Among the entries below, copy only the span from the line containing "5 Highpoint Drive, Huntington NY 11743" through the line containing "Lexus NX 2025 — photo 17". Do so exactly, and skip the pictures.

▶ Recorded data:
╔══

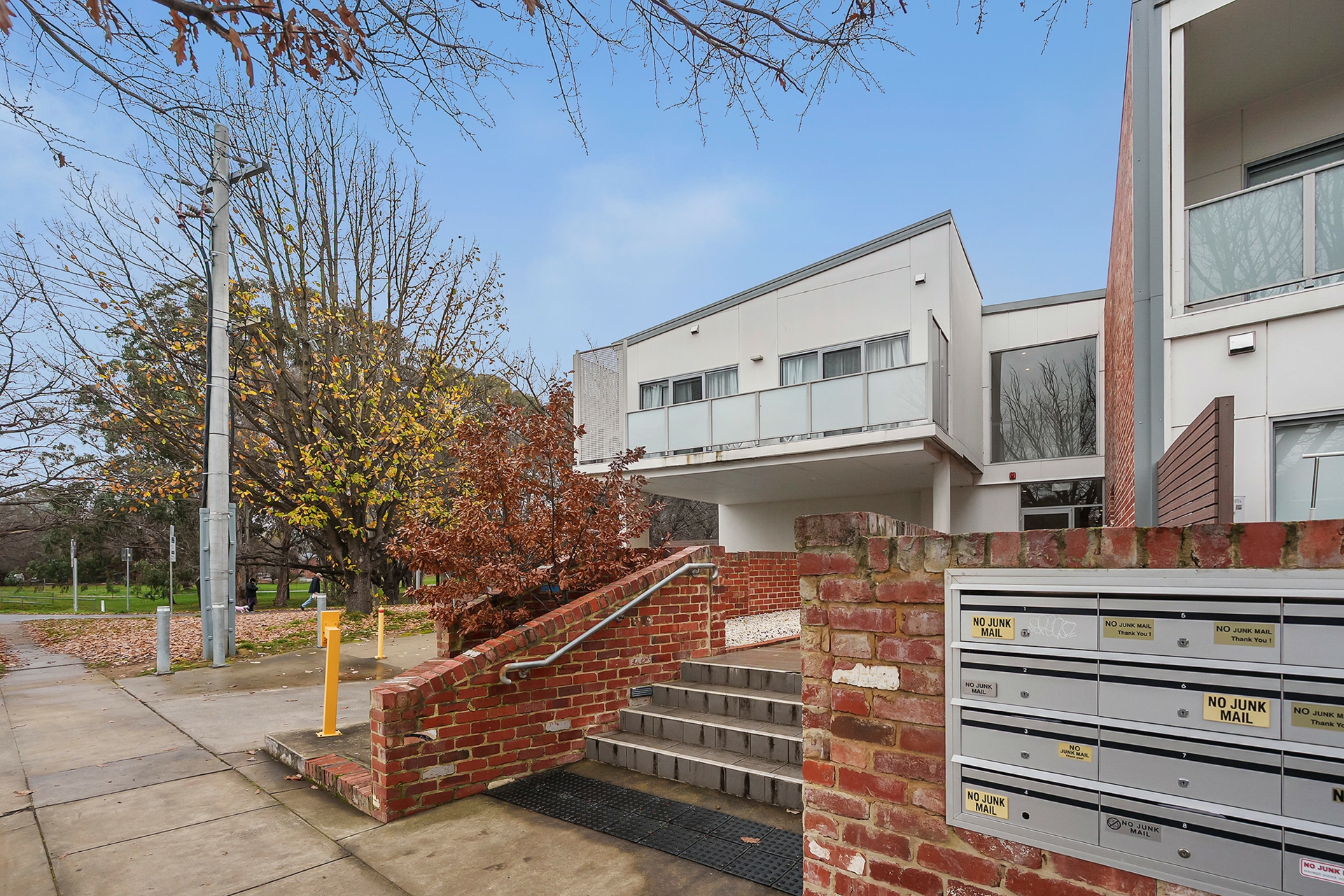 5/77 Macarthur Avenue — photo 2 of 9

╚══
╔══

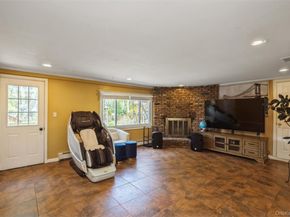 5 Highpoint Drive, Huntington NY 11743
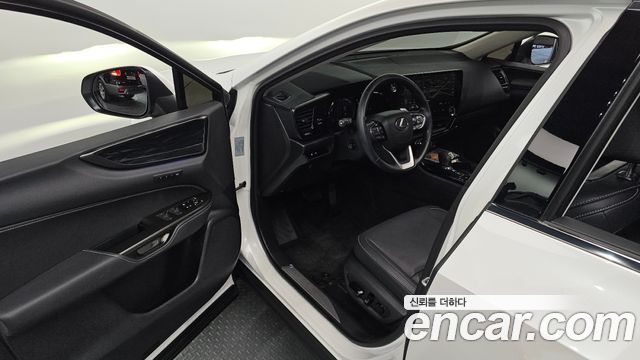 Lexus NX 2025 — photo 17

╚══
╔══

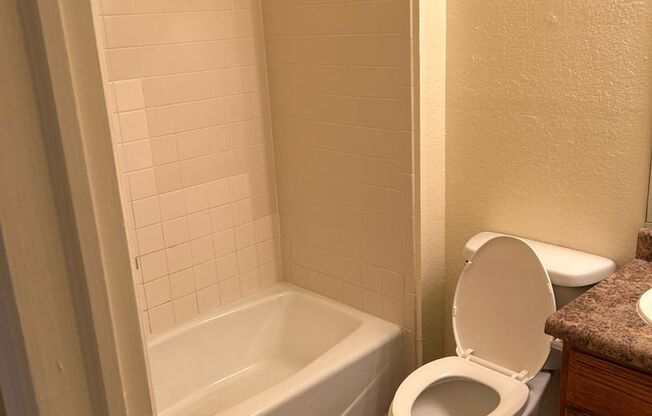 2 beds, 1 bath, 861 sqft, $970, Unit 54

╚══

▶ Written reply:
 5 Highpoint Drive, Huntington NY 11743
 Lexus NX 2025 — photo 17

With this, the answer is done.